▸ Your objective
Please write out the listing beneath this sentence exactly, from its first line to the line with "So how we get", and stop there.

▸ Data in this exercise

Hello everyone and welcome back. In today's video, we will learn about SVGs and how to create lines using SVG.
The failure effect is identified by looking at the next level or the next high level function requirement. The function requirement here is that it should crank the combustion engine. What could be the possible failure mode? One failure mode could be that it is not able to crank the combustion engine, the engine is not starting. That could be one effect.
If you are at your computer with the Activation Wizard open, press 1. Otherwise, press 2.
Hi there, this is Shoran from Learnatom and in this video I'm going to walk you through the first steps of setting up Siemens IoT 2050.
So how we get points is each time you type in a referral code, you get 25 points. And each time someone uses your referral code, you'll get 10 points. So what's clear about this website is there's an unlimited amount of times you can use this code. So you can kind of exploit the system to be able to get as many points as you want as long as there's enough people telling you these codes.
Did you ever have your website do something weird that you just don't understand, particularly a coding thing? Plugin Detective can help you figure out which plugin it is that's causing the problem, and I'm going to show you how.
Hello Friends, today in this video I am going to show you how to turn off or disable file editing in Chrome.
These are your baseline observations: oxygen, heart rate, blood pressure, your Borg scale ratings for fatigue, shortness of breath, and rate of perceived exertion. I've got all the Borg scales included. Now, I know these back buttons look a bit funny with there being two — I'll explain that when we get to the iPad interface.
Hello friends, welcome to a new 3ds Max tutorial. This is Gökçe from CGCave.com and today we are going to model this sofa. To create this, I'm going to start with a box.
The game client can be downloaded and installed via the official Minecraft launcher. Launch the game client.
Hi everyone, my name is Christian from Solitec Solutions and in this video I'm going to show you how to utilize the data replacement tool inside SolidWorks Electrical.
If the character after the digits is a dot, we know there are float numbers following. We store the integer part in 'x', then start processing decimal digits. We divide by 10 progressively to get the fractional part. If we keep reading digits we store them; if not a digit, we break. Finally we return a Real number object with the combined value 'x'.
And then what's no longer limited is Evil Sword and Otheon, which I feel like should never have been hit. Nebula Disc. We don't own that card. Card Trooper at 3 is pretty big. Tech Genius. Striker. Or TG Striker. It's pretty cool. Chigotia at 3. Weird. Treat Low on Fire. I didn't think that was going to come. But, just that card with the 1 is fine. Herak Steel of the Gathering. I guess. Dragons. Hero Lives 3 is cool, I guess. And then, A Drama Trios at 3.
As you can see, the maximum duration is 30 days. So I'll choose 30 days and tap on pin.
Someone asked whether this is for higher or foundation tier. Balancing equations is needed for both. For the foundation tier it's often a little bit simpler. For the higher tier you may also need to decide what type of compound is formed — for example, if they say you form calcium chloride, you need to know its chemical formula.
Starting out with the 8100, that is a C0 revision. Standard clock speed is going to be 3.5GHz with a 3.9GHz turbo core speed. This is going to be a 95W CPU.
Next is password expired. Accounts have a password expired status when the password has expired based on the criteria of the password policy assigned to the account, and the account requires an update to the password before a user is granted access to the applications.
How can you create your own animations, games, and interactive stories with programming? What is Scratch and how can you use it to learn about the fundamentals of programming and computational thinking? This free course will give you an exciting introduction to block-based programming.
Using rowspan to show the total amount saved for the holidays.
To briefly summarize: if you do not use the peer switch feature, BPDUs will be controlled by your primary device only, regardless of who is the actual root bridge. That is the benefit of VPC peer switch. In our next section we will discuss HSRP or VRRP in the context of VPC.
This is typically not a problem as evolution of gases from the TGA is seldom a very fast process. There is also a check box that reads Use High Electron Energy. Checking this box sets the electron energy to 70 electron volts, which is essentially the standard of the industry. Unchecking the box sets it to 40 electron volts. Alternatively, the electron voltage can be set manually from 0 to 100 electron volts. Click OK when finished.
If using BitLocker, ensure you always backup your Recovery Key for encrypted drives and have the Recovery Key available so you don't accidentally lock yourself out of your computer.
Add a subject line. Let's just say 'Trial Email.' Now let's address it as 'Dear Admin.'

▸ Output for this task
Hello everyone and welcome back. In today's video, we will learn about SVGs and how to create lines using SVG.
The failure effect is identified by looking at the next level or the next high level function requirement. The function requirement here is that it should crank the combustion engine. What could be the possible failure mode? One failure mode could be that it is not able to crank the combustion engine, the engine is not starting. That could be one effect.
If you are at your computer with the Activation Wizard open, press 1. Otherwise, press 2.
Hi there, this is Shoran from Learnatom and in this video I'm going to walk you through the first steps of setting up Siemens IoT 2050.
So how we get points is each time you type in a referral code, you get 25 points. And each time someone uses your referral code, you'll get 10 points. So what's clear about this website is there's an unlimited amount of times you can use this code. So you can kind of exploit the system to be able to get as many points as you want as long as there's enough people telling you these codes.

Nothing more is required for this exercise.